A experiência de muitos meses mostra aquilo que o simples bom senso permitia perceber a priori: as Medidas Correctivas e as Provas de Recuperação não têm nenhum impacto positivo na aprendizagem dos alunos e não dissuadem os alunos pouco empenhados de faltar. O seu único efeito tem sido sobrecarregar os professores com trabalho inútil (muitas vezes fora do seu horário) e desviá-los do que realmente importa: lerem, pesquisarem e prepararem boas aulas. Uma colega contou-me que, no início da implementação do Estatuto do Aluno, ao explicar aos alunos o seu conteúdo, um deles, particularmente perspicaz e desbocado, disse: “Boa! Nós faltamos e os professores é que têm o trabalho… Baldamo-nos e os professores é que se lixam!”
Segundo o jornal Público, no preâmbulo da referida proposta de lei é dito que as “Provas de Recuperação (…) acabaram por ser um incentivo para os estudantes darem ainda mais faltas”. O que é falso. O que fez os alunos faltarem mais do que faltavam antes foi o fim da reprovação automática por excesso de faltas. Os alunos pouco empenhados interpretaram isso como uma licença para faltar impunemente. Acabando a reprovação automática por excesso de faltas nenhuma medida impedirá os alunos pouco empenhados de faltar - nem as Provas de Recuperação nem nenhuma outra medida. O Estatuto que está agora a ser revisto desresponsabiliza os alunos e promove o insucesso e o abandono escolar.
A referida proposta de lei determina o fim das Provas de Recuperação (o que é bom), mas não o regresso da reprovação automática por excesso de faltas (o que é mau e anula qualquer outro efeito positivo). Por isso, se a Assembleia da República a aprovar e a proposta se tornar realmente lei, o número de faltas não diminuirá. O que fará o insucesso escolar aumentar e o abandono escolar aumentar na realidade e diminuir nas estatísticas (pois os alunos faltarão às aulas e não realizarão as aprendizagens e as avaliações, mas continuarão inscritos).

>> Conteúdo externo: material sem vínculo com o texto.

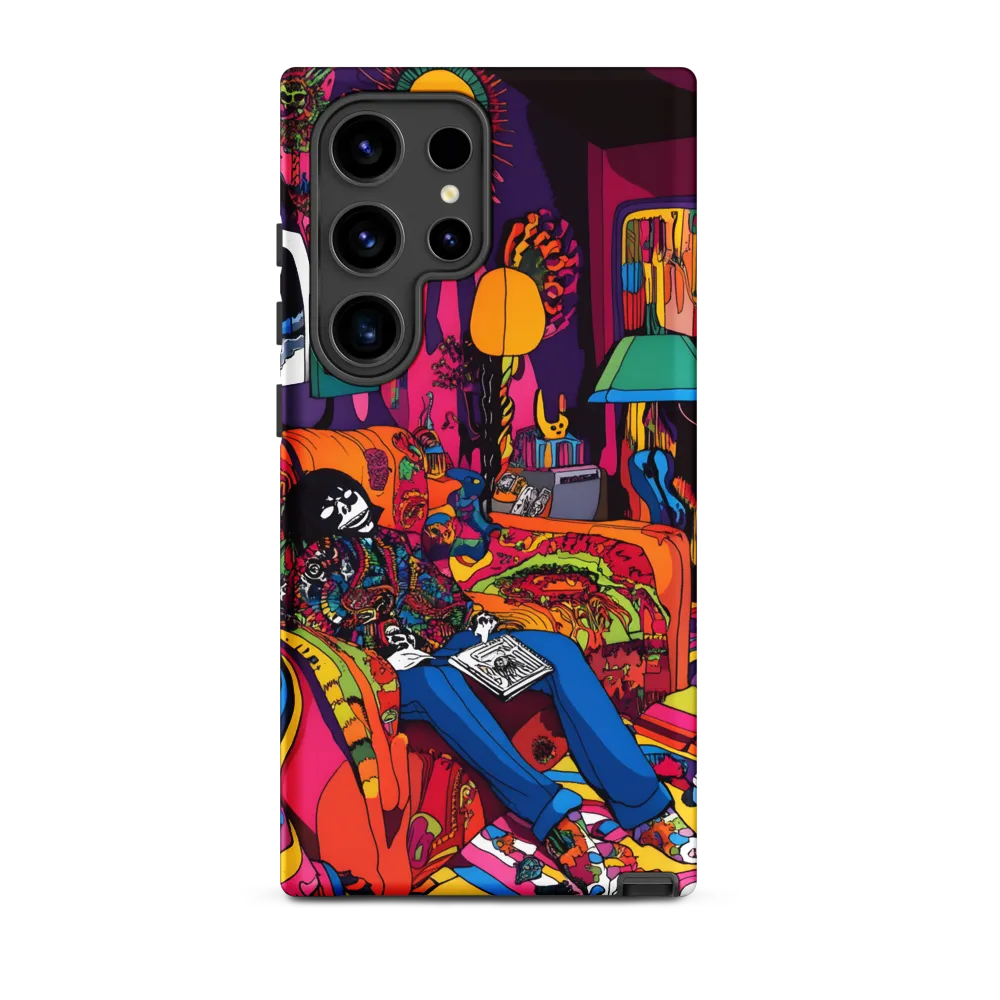 Psychedelic Reverie | Phone Case |  S24 Ultra | Tough Case | Matte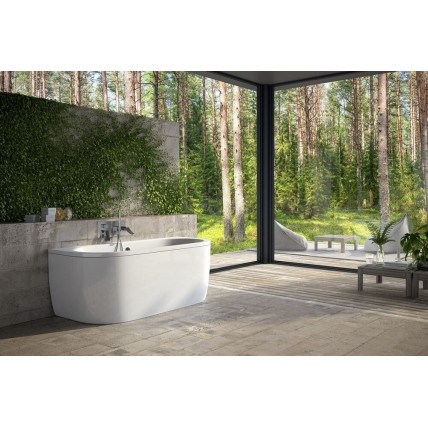 Ванна окремостояча Besco Vista 150x75, біла (WKV-150-WS)
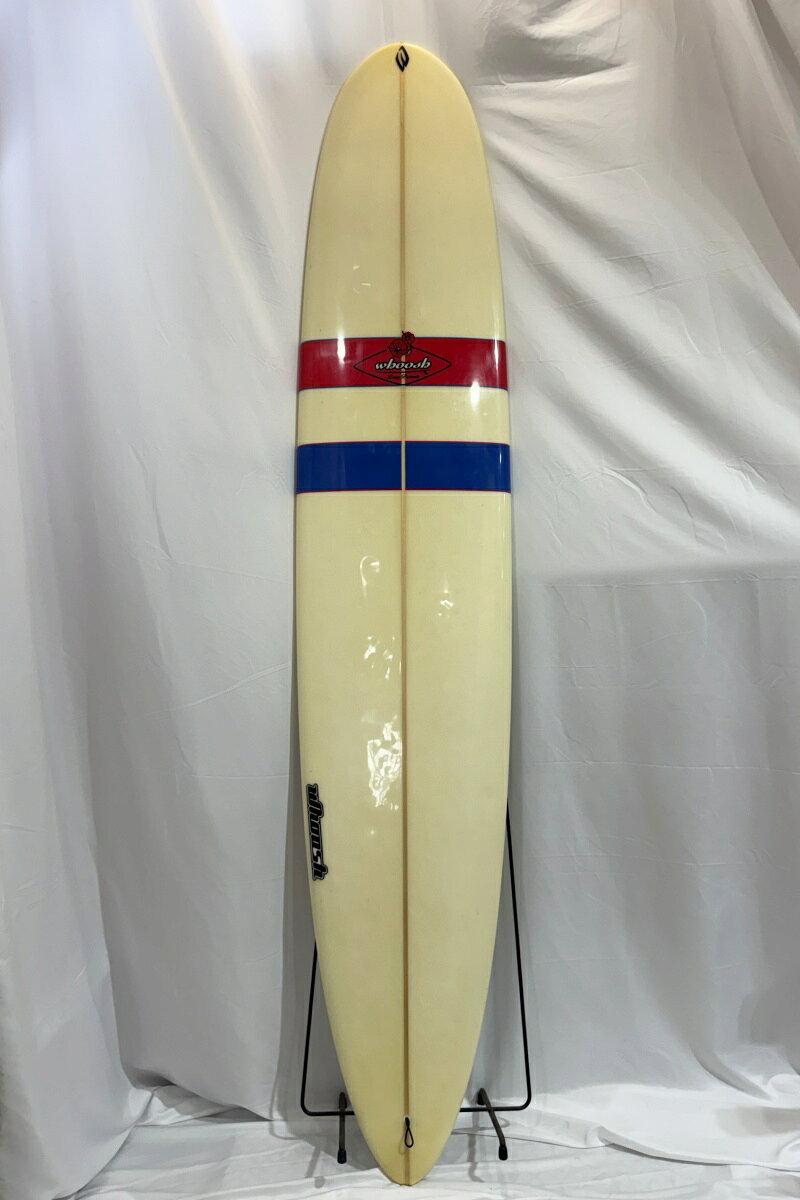 乐天商城 - 【中古】 WHOOSH SURFBOARD (ウーシュサーフボード) ロングボード [CLEAR×RED×BLUE] 9’1 1/2” サーフボード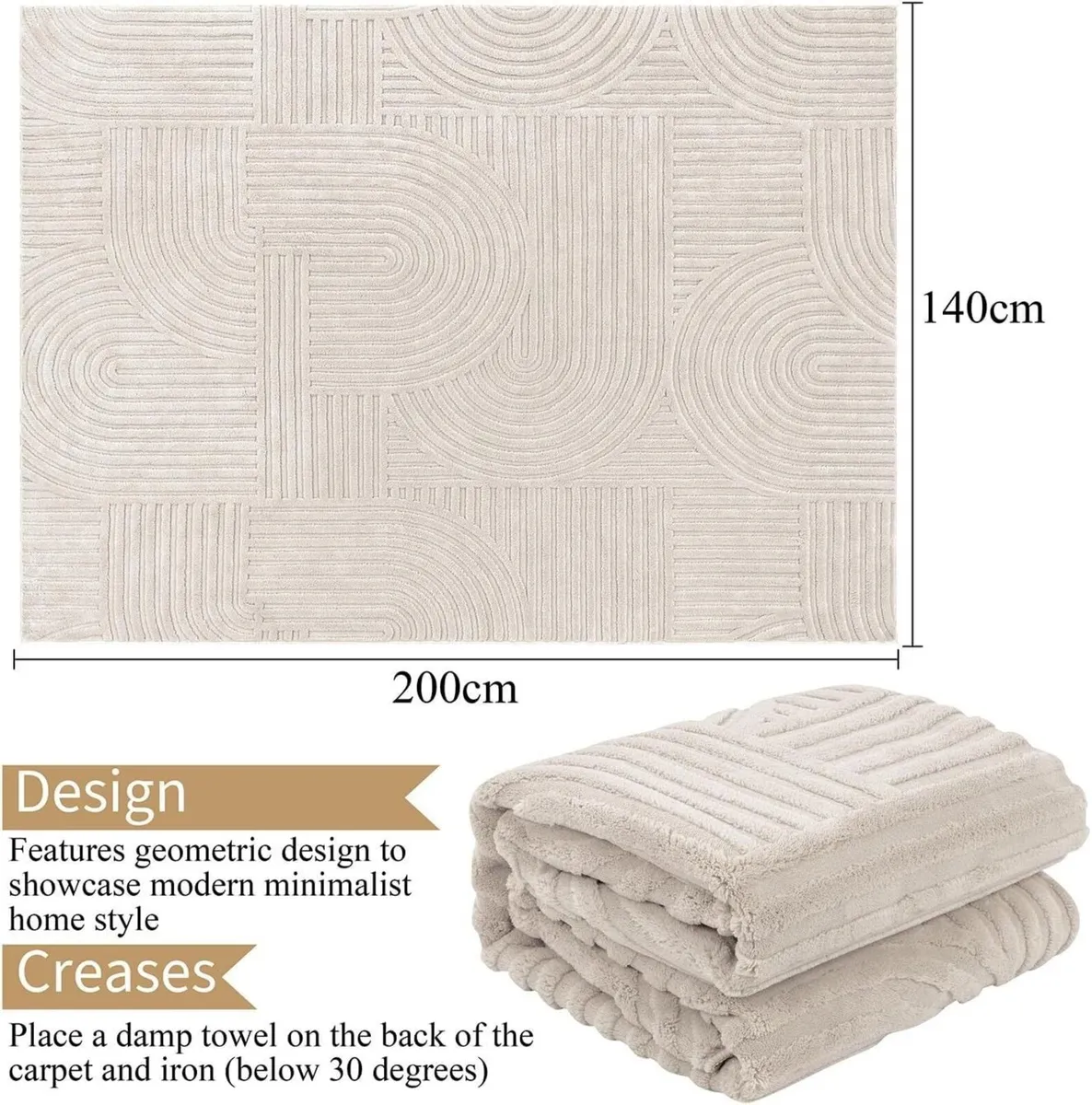 Large Rugs Living Room Fluffy Short Pile Washable - Image 2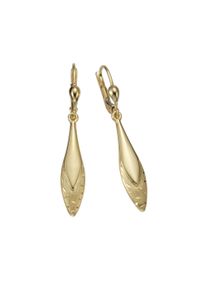 Diamonds by Ellen K. Damen Paar Ohrhänger "375 Gold glanz matt diamantiert", ONE-SIZE, Gold, gelb, FASCINATION BY ELLEN K., Gold, Ohrringe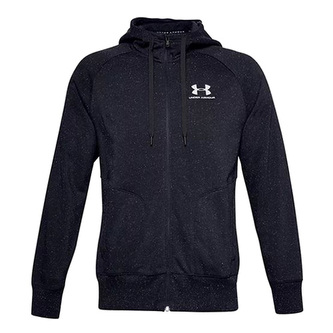 SPECKLED FLEECE FZ HOODIE - L, L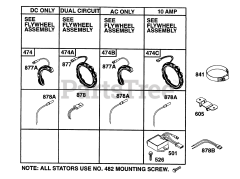 Briggs & Stratton 221432-2170-01 - Briggs & Stratton Horizontal Engine Alternator Chart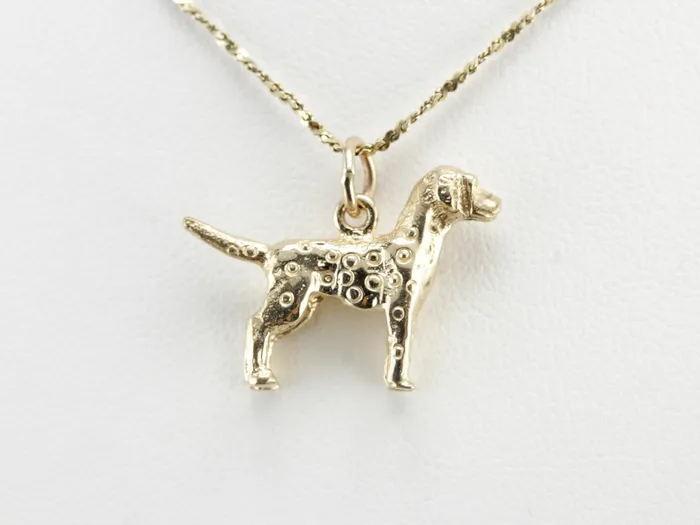 Market Square Jewelers Vintage Dalmatian Dog Charm Charm Necklaces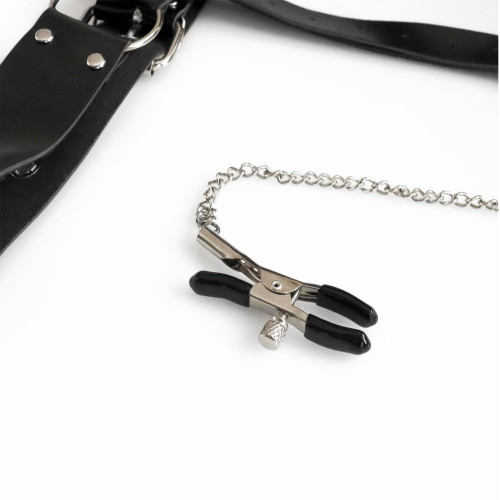 Бондажный набор с металлическим анальным крюком Art of Sex Beatrice Bondage set with anal hook № 1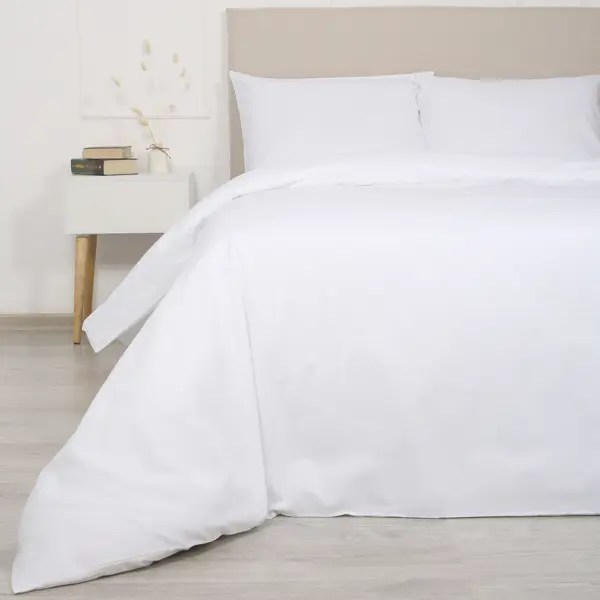 Комплект постельного белья Melissa евро бязь белый наволочки эко сон белый р 68х68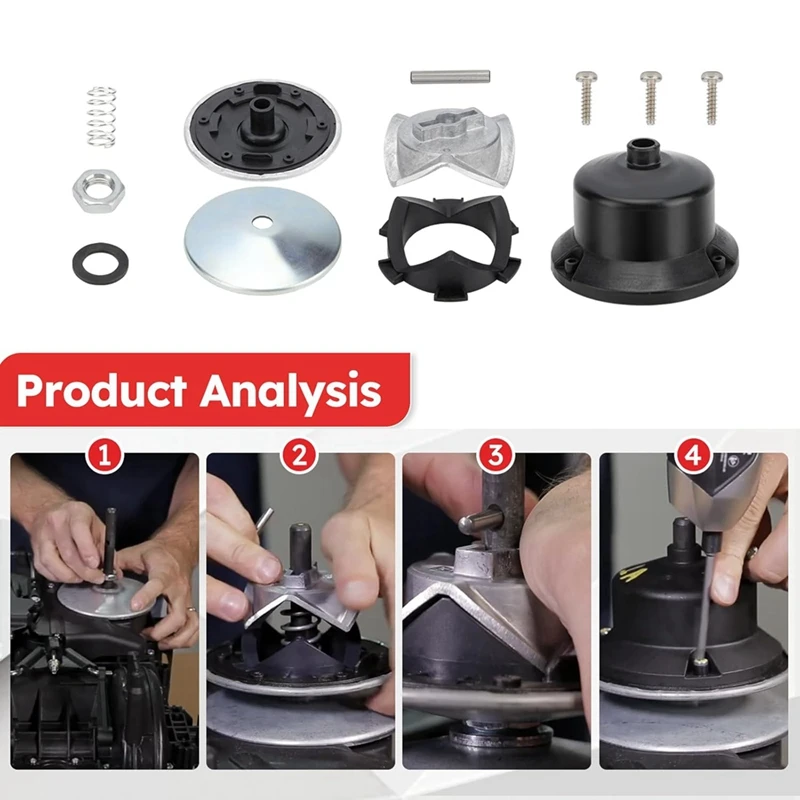 New GT79253 General Transmission Driven Kit RS800 Driven Pulley Kit Lawn Mowers Tractor Replace For 587086701 21549032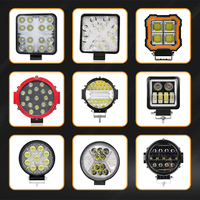Projecteur de travail hexagonal, éclairage hors route, 48W, LED, feux de route, 16 LED, feu antibrouillard, éclairage de bateau, pour camion, tracteur, VTT, 4x4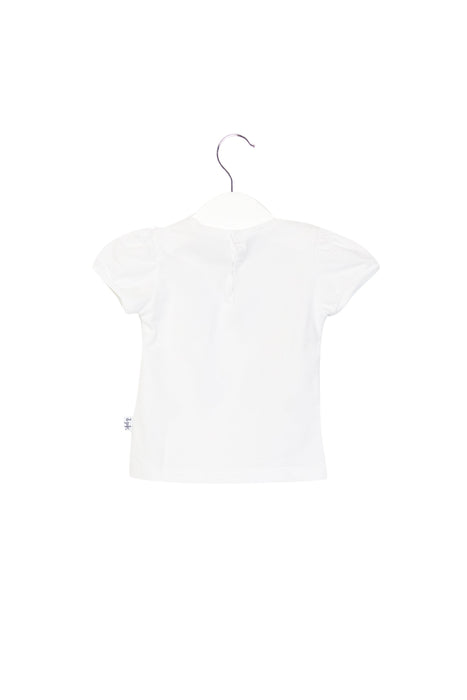 A White Short Sleeve T Shirts from Il Gufo in size 0-3M for girl. (Front View)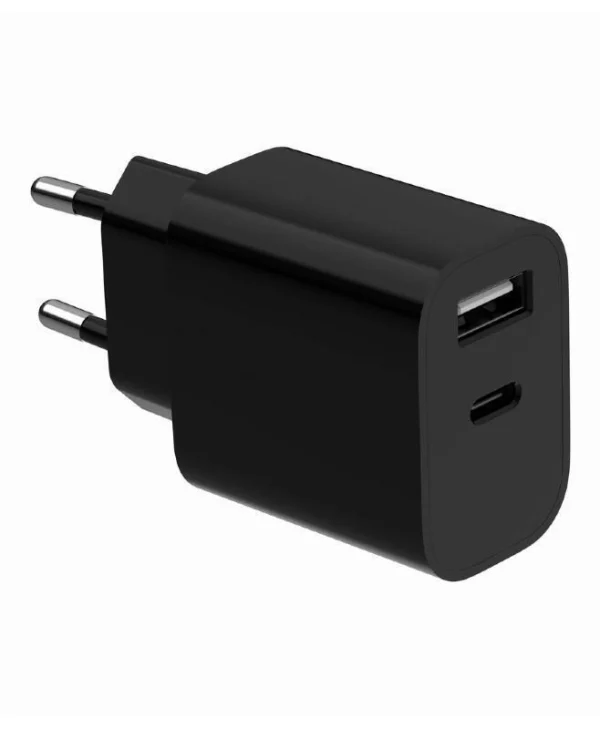 Gembird Φορτιστής Χωρίς Καλώδιο με Θύρα USB-A και Θύρα USB-C Μαύρος (TA-UC-2AC12-01-BK)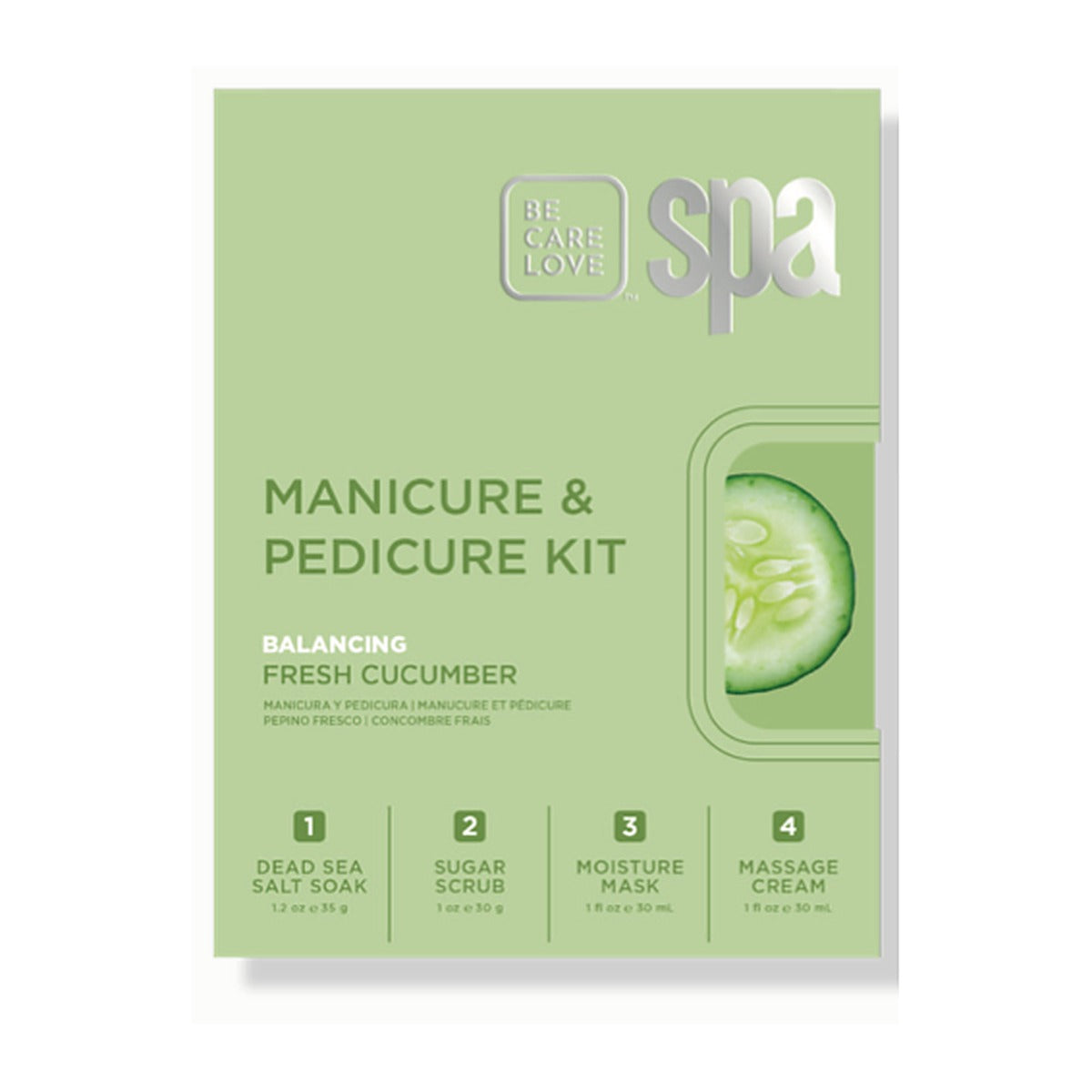 Be Care Love Fresh Cucumber 4-Step Packet Box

De acordo com a proposta do governo, sempre que um aluno atingir o limite de faltas deverá realizar “medidas de apoio pedagógico diferenciado”. Estas são, ao fim e ao cabo, Medidas Correctivas com outro nome. Não é difícil calcular que serão tão ineficazes como as suas antecessores. Ineficazes pedagogicamente, mas eficazes a sobrecarregar os professores com trabalho inútil e a desviá-los das tarefas realmente importantes. Pelo menos no que diz respeito à assiduidade, a proposta de revisão é quase tão má como o próprio Estatuto.
Se a Assembleia da República aprovar a proposta do governo, os alunos pouco empenhados poderão continuar a dizer: “Baldamo-nos e os professores é que se lixam!” Esperemos, por isso, que os deputados tenham lucidez e bom senso suficientes para rejeitar esta péssima revisão do péssimo Estatuto do Aluno.